Share your dilemmas and get honest opinions from other Mumsnetters.

AIBU to be a handwriting snob

122 replies

GetOrfMoiLand · 10/06/2009 16:52

Yes, I probably am but this is my first AIBU (in 2 years!) so be gentle

Looking at DD's geography books she has started doing what I call bimbo handwriting - round circles instead of dots above the i's, big massive circle shaped a's, d's and p's etc (wish could articulate what I mean).

She used to have normal handwriting. God knows why she has decided to change it. AIBU to tell her to stop writing like this and go back to normal? (BTW DP has told me to leave her alone and stop being a fussy old mare)

OP posts:
Tinker · 10/06/2009 19:02

I think I saw how Donny Osmond wrote his signature and copied his y for a while. Can still remember it.

HenriettaJones · 10/06/2009 19:02

FWIW, in the nineteenth century rounded writing was considered to be masculine and serious whereas joined up italic style writing was considered to be feminine and suitable for writing letters and other such unimportant trivialities

So there is no reason why one should consider joined up handwriting as "proper" and bimbo writing to be a "phase" to grow out of.

Personally I wish I could still do bimbo writing (although lol @ image of those great big circles on tiny stems) as it's much neater than my current hurried scrawl

BitOfFun · 10/06/2009 19:08

I suppose I was about 13...

The thing is, the typefaceAs became an ingrained habit, and I still think that it's only sensible to do French sevens because otherwise you get mixed up with ones.

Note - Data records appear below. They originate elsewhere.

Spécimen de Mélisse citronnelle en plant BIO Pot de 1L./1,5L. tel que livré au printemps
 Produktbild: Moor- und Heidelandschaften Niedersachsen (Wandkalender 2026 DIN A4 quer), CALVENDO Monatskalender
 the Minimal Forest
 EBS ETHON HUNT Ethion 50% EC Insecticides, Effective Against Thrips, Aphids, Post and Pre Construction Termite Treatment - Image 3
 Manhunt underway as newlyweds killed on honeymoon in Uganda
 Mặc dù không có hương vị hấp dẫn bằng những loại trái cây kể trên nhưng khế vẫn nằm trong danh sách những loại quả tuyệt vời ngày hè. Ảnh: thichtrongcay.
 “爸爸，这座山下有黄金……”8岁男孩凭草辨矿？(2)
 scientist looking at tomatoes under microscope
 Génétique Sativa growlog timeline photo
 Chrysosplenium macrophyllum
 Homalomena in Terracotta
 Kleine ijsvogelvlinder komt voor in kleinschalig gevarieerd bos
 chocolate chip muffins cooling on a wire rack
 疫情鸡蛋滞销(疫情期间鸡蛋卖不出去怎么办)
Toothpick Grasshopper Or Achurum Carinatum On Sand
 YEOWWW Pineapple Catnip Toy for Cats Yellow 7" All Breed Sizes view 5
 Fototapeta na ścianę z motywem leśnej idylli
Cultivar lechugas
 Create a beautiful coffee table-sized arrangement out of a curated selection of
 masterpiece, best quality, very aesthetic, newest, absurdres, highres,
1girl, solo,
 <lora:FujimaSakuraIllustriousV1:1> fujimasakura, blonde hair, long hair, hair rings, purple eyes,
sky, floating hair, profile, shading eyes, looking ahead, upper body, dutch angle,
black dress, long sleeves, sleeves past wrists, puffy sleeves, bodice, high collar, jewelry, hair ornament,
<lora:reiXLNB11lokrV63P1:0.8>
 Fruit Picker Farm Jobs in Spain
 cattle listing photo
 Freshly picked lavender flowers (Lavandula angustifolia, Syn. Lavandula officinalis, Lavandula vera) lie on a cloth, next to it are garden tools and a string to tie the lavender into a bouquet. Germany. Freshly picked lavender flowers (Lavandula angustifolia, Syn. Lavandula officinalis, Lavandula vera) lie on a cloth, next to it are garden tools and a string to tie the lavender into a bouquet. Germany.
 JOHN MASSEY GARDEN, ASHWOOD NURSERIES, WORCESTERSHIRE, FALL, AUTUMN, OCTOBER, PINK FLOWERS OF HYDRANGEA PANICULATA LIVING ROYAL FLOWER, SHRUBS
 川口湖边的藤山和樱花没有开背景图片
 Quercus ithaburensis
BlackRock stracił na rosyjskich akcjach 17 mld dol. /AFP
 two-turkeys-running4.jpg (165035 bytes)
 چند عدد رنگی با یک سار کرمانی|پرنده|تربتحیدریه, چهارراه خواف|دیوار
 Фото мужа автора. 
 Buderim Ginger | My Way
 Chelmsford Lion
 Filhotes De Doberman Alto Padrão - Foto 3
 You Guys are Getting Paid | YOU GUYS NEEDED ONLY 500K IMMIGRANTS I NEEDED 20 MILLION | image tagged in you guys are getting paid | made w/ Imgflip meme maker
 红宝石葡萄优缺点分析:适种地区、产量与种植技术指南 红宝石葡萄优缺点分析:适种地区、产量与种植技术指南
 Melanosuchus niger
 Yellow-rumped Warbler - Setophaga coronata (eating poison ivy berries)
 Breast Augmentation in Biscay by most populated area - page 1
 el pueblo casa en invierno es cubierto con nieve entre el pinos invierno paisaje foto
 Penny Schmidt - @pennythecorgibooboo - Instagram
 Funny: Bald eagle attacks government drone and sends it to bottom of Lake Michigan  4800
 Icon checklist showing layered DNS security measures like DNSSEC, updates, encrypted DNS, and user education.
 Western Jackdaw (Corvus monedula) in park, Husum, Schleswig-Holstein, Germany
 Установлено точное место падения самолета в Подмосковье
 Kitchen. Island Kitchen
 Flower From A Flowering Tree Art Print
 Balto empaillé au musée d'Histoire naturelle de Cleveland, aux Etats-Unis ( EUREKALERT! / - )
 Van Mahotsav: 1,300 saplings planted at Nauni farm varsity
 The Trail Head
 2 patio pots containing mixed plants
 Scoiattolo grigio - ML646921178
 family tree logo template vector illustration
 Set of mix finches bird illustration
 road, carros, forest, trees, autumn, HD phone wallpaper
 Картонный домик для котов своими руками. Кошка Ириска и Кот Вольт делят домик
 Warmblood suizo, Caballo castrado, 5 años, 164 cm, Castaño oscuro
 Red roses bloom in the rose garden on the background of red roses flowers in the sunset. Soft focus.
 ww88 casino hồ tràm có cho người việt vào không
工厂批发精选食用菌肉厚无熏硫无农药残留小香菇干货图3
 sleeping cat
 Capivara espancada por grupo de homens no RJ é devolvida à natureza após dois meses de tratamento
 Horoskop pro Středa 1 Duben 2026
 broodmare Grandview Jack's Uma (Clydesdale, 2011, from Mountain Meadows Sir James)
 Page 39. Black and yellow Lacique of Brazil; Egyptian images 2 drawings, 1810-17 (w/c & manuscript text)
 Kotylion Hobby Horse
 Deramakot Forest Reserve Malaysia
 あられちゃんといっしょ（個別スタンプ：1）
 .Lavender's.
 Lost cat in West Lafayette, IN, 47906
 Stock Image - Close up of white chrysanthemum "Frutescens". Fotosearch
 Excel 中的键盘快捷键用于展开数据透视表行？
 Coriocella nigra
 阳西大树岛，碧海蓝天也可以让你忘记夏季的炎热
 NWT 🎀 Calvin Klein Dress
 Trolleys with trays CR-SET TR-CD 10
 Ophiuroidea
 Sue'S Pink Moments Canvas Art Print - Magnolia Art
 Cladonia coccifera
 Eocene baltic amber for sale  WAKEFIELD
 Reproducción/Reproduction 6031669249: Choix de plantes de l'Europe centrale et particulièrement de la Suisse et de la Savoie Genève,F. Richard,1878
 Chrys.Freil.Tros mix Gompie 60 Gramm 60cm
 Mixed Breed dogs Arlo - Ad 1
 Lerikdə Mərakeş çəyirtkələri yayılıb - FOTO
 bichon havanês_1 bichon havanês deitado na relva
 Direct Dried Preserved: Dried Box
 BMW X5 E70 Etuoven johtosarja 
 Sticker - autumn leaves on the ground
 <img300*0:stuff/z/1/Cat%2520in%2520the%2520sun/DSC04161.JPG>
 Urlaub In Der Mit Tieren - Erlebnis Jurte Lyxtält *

asicsgirl · 10/06/2009 19:09

lol at this thread. i remember ages spent trying out different handwriting styles. leaning forward? leaning backward? very teeny? (i remember a preference for very fine-gauge pens). 57 varieties of loop on ys, gs, even qs. yes to typeface a and french 7s, and hours spent practising ampersands (still can't do them though). i still have a diary from then and it looks like six different people wrote it. never did bimbo writing tho'... not sure why. i suspect i wasn't trendy enough!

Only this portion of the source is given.